With God, majority doesn’t always rule. Even when we’re enticed by hundreds, or thousands, to make decisions based on approval in numbers, it only takes one to represent the truth. The truth can be hard to hear, when it challenges the very fiber of our flesh; however, in some cases, it isn’t intended to appease us, it’s meant to convict us. I do love to hear what I want to hear, don’t we all? But I so much more desire to hear honesty, raw and real as it may be, and that is what we always get with God. With people though, we must be on guard when claims are made that they speak for God. It can get messy as we see with Ahab, a king of Israel who did evil in the eyes of the Lord, and the prophet Micaiah, in 1 Kings 22.
Ahab recruited a willing Jehoshaphat, king of Judah, to go into battle with the Arameans to reacquire Ramoth Gilead (22:4). At the request of Jehoshaphat to “first seek the counsel of the Lord,” Ahab mustered up about 400 prophets to counsel him as he prepared to enter into war, and all of them claimed that the Lord is in support of him (22:5-6). Jehoshaphat urged for further prophetic counsel, and Ahab reluctantly admitted that there’s one man, Micaiah, but that he hated him because he never prophesied anything good about him (22:7-8). Childish much? Perhaps, but Ahab’s distaste for someone who won’t tell him what he wants to hear is all too common for us today, too. Our culture urges us to tell others niceties that’ll tickle their self sensitive ears, but Scripture instead urges us on to disregard telling even half truths if they go against sound doctrine (2 Timothy 4:3).
Even though Micaiah was told by the messenger sent to summon him to be in agreement with the 400 prophets, to “let [his] word agree with theirs, and speak favorably,” he said, “As surely as the Lord lives, I can tell him only what the Lord tells me” (22:13-14). After some back and forth between the two men, Micaiah tells the truth, saying, “Therefore hear the word of the Lord: I saw the Lord sitting on his throne with all the host of heaven standing around him on his right and on his left.
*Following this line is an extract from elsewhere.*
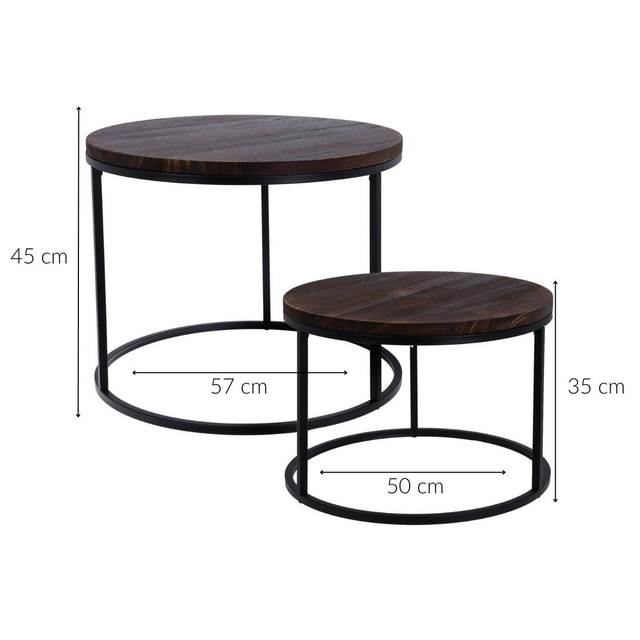 Set de mese de cafea cu blat din lemn de paulownia, cadru metalic, 2 bucăți, Ø 57 cm, Ø 50 cm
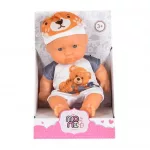 BABA 20cm újszülött Maci ruha FEHÉR/SZÜRKE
And the Lord said, ‘Who will entice Ahab into attacking Ramoth Gilead and going to his death there?’ One suggested this, and another that. Finally, a spirit came forward, stood before the Lord and said, ‘I will entice him.’ ‘By what means?’ the Lord asked. ‘I will go out and be a lying spirit in the mouths of all of his prophets,’ he said. ‘You will succeed in enticing him,’ said the Lord. ‘Go and do it.’ So now the Lord has put a lying spirit in the mouths of all these prophets of yours. The Lord has decreed disaster for you” (22:19-23).
Let those loaded five verses sink in for awhile! To entice is “to attract or tempt by offering pleasure or advantage,” so it’s safe to assume when we’re drawn to something (or someone) that gives us pleasure or advantage, we must discern like crazy. Are we attracted because it feels good to our flesh? Like Ahab, who didn’t stand a chance against the decreed will of God which ordained 400 prophets to lie to him, but instead went ahead with his own desires even after being told the truth by one prophet, Micaiah. Ahab wanted what he wanted and not even one truth teller could sway him away from the 400 liars who tickled his ears and affirmed him. This can be a litmus test as we encounter questionable situations. Not to say that we’ll be destined to death, as Ahab was, if we make unwise choices when confronted with the truth, but there will be ripple effects when we knowingly ignore His revealed word. Many times, these instances will provide us with painful progress in our sanctification as we intentionally disregard straight talk from God and go into the battle anyways.
Jesus says, “I am sending you out like sheep among wolves. Therefore be as shrewd as snakes and innocent as doves” (Matthew 10:16). Paul admonishes us to know sound doctrine so we can discern the truth from the lies, the difference between the not-so-sound doctrine and the oh-so-close doctrine that pervades our churches still. In 1 Timothy 4:16, he says “to watch your life and doctrine closely.” We can gather from his words that, as subtly as some may suggest that doctrine isn’t of importance to the Christian believer, discovering what sound doctrine is greatly assists us in fulfilling the dual role of shrewdness and innocence. Without this increasing knowledge, our naivety may cause us to be devoured or, more appropriately, deceived by the wolves.
Those other-than sound doctrines are running rampant in our churches, growing a mass amount of followers, holding loosely the perspicuity of Scripture, claiming peace where division is to be had in the name of ecumenism. We must consider all that we’re hearing by this majority and compare it to the One that defines what sound doctrine is. The One who determines what the rule is. If there are inconsistencies, we search deeper, research and test like the Bereans were known for (Acts 17:11). Don’t fall prey to the tickling teasers that draw us in to be deceived; instead, fall into your cozy chair, open the Bible, and find His Truth, raw and real. It’s in there.